À cette fin, l'article 1er de la proposition de loi inscrit les décisions des employeurs prises à l'aide de moyens technologiques parmi les décisions relevant de leur pouvoir de direction. Il prévoit de renforcer l'accessibilité du contenu des décisions et d'informer le salarié des motivations des décisions le concernant. Il permet au salarié de demander qu'une nouvelle décision soit prise par un être humain à la suite d'un recours contre une décision résultant de l'utilisation d'algorithmes.
B. ASSURER LA RESPECT DU PRINCIPE DE NON-DISCRIMINATION DANS L'UTILISATION DES ALGORITHMES
Ayant pour but d'opérer des tris de données et de proposer des recommandations en fonction d'un ensemble de données, les algorithmes peuvent conduire à des discriminations des travailleurs contraires à la loi. Les discriminations induites par l'usage des algorithmes peuvent résulter des critères fixés dès la construction de l'algorithme mais aussi du traitement des données opéré par l'algorithme pour formuler un tri ou une recommandation.
Une telle situation peut notamment se produire en matière de recrutement : en 2017, l'entreprise Amazon a dû renoncer à l'utilisation d'un algorithme pour le recrutement de salariés, car il induisait une discrimination à l'embauche en privilégiant les hommes aux femmes.
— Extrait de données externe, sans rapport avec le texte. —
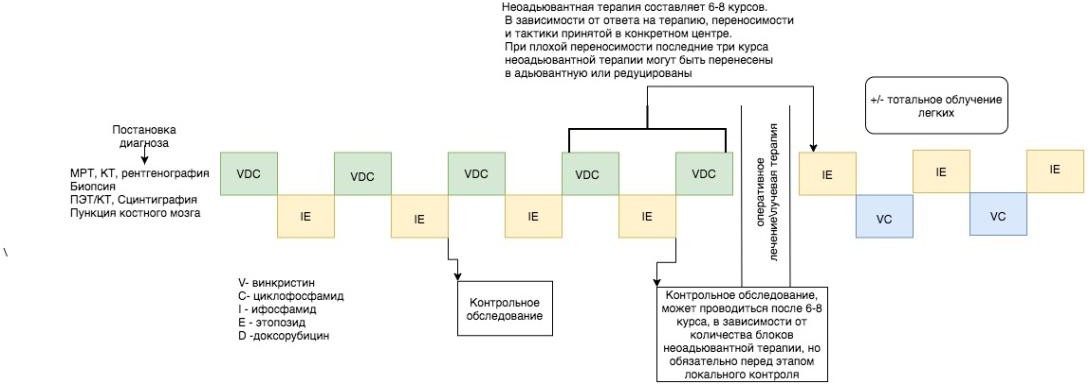 Саркомы костей клинические рекомендации тест нмо. Саркома Юинга схема лечения. Протокол лечения остеосаркомы. Схема химиотерапии при остеосаркоме. Схемы лечения при саркоме Юинга.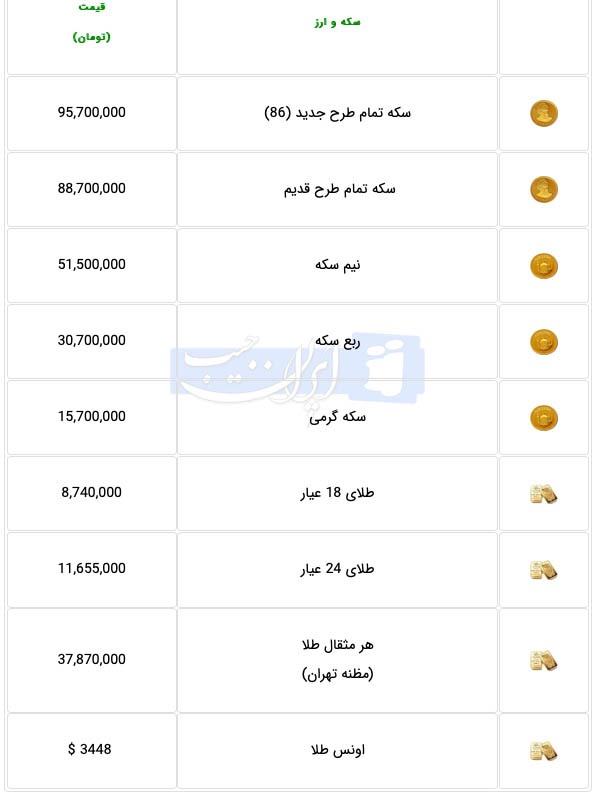 قیمت سکه و طلا امروز یکشنبه ۹ شهریور ۱۴۰۴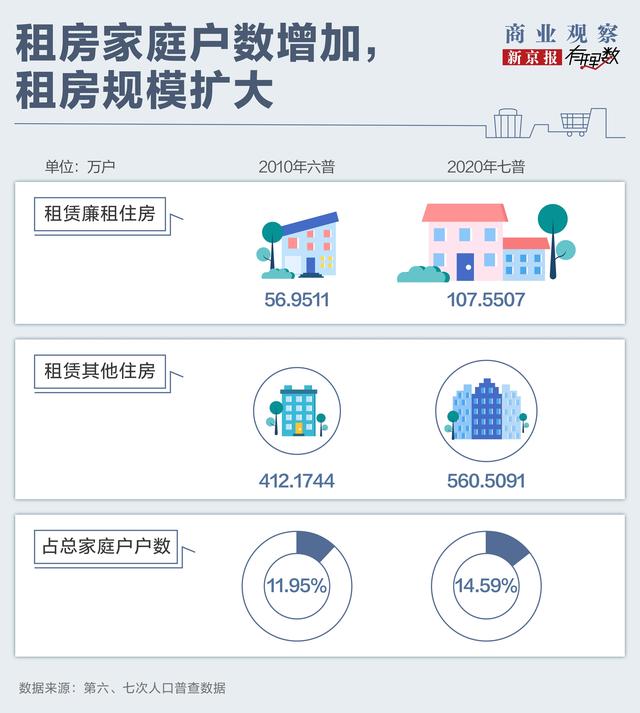 生存岛工艺无敌破解版（退房一个多月了押金还没退出来）
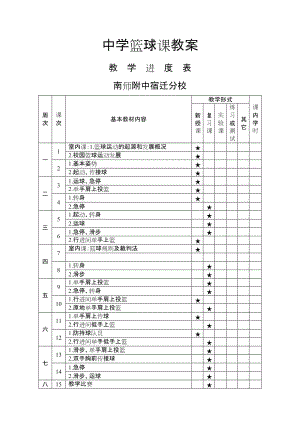 中学篮球课教案全集.doc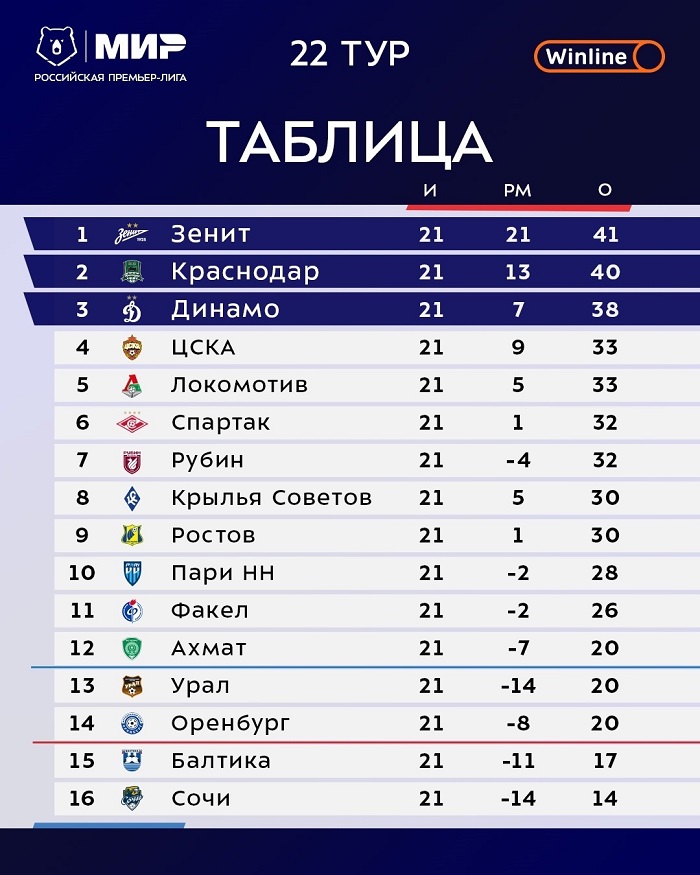 Турнирная таблица Мир РПЛ 2023/24 после 22-го тура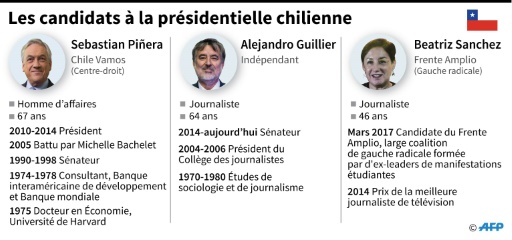 Le Chili vote pour désigner le successeur de la présidente Michelle Bachelet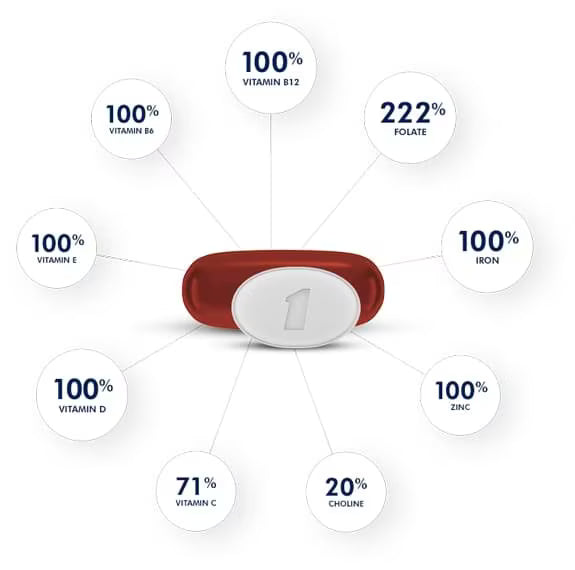 One A Day Prenatal Advanced Multivitamin Softgels, 60 ct.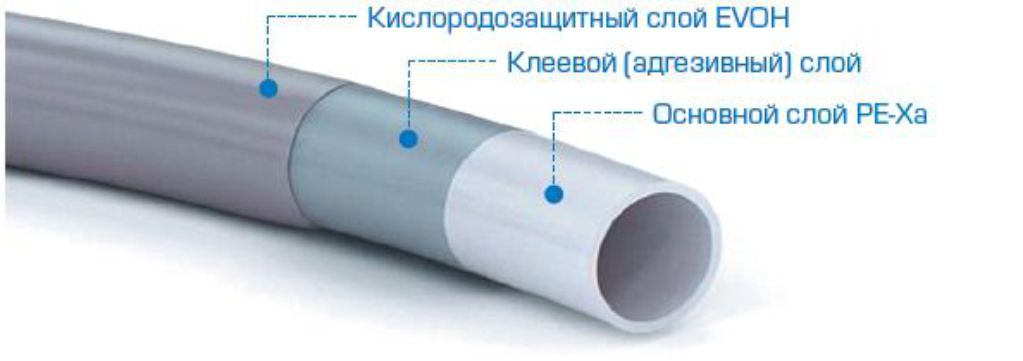 Трубы из сшитого полиэтилена PEX A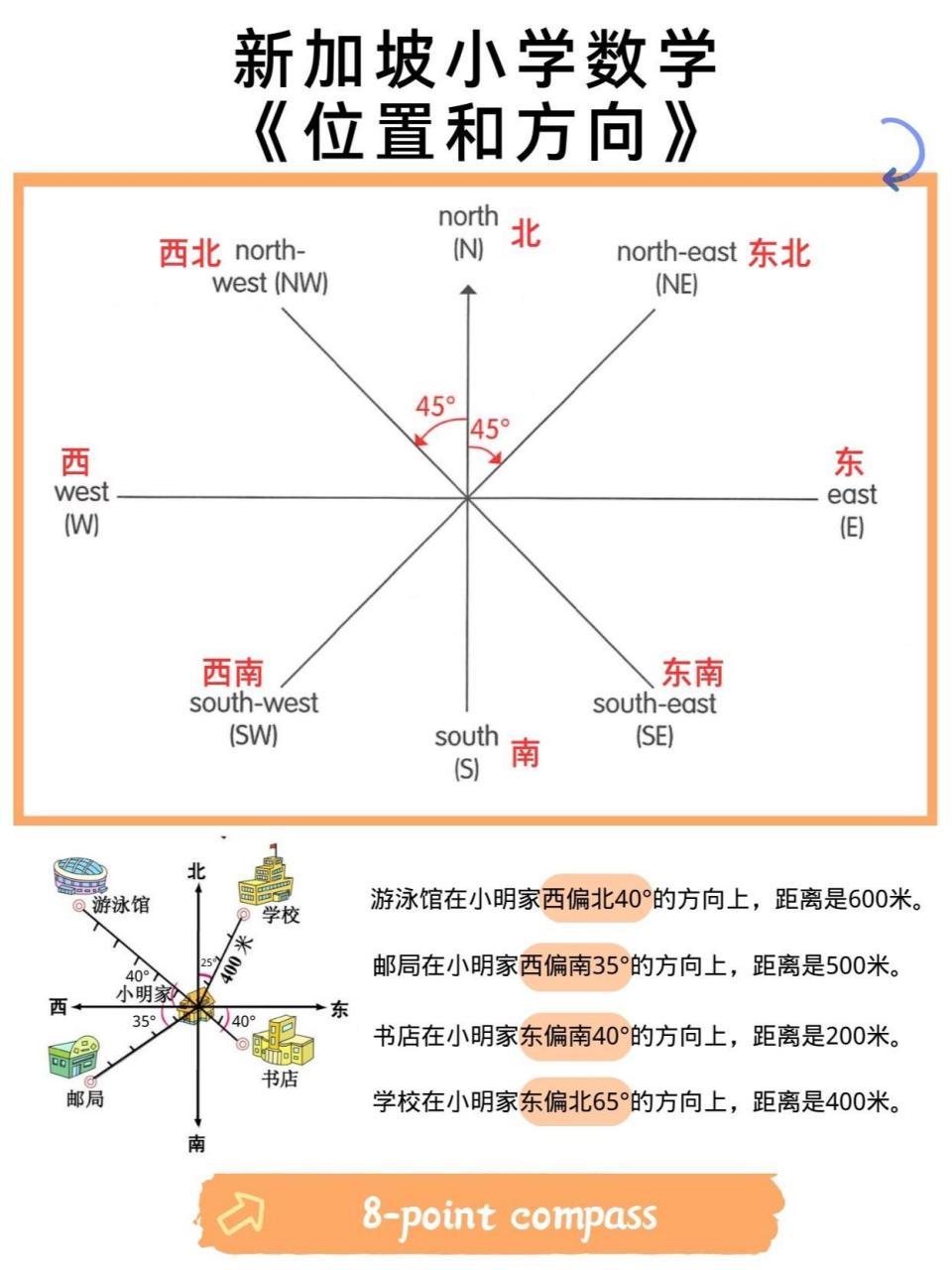 位置与方向知识点整理图片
Le logiciel s'appuyait sur une base de données recensant les curriculum vitae reçus par l'entreprise depuis dix ans. Cette base comprenant une grande majorité de curriculum vitae d'hommes, l'algorithme en a déduit que les candidats masculins étaient préférables et rejetait les candidatures féminines3(*).
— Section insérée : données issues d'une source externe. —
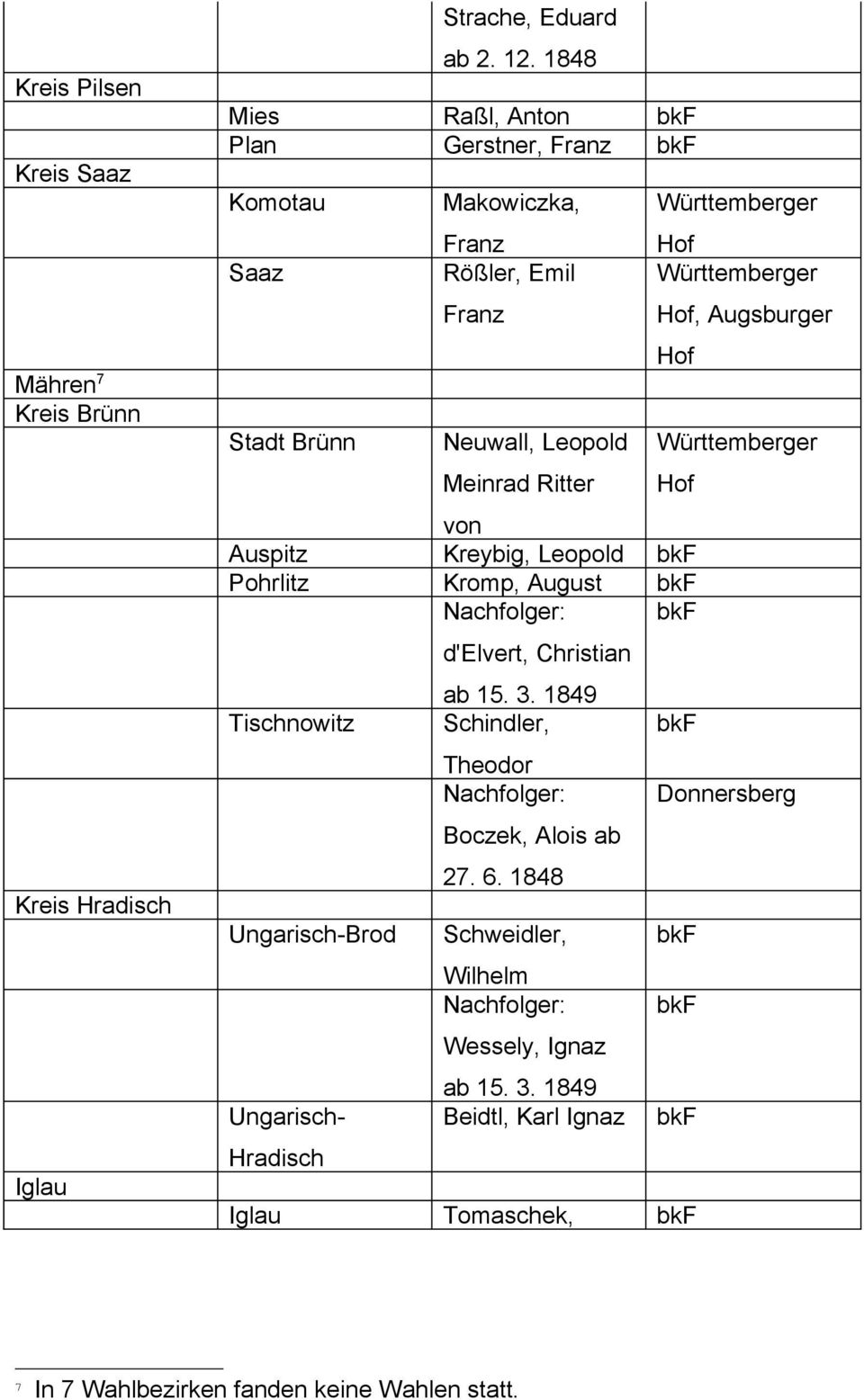 Ritter, Augsburger Auspitz Kreybig, Leopold Pohrlitz Kromp, August Tischnowitz Ungarisch-Brod Ungarisch- Hradisch d'elvert, Christian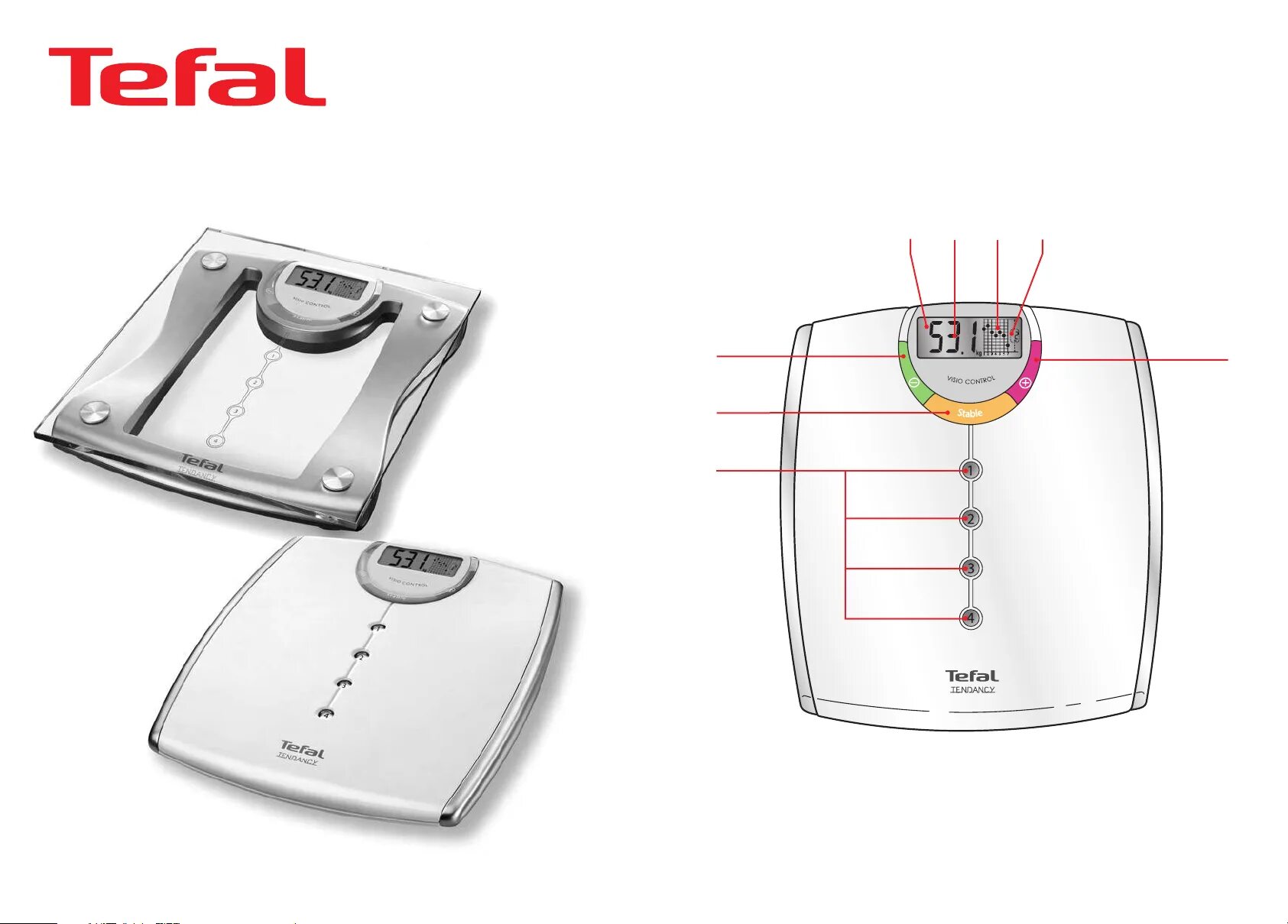 Весы напольные Tefal tendancy. Tefal pp5049. Весы Tefal pp1004. Весы Тефаль напольные. Весы tefal body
Face à de tels risques, il est nécessaire que l'employeur soit responsable des outils technologiques sur lesquels il s'appuie pour le recrutement ou la gestion des salariés dans l'entreprise.
La protection des travailleurs contre toutes les formes de discriminations au travail ne saurait être affaiblie par l'utilisation d'outils technologiques pour l'organisation des entreprises.
En conséquence l'article 2 de la proposition de loi pose le principe selon lequel, en cas de litige portant sur une discrimination au travail, l'employeur doit apporter la preuve que les outils qu'il utilise ne sont pas source de discriminations. À cette fin, il étend la procédure contentieuse sur les discriminations au travail aux litiges portant sur les décisions des employeurs prises à l'aide de moyens technologiques.
* 3 « Quand le logiciel de recrutement d'Amazon discrimine les femmes », Les Échos, 13 octobre 2018.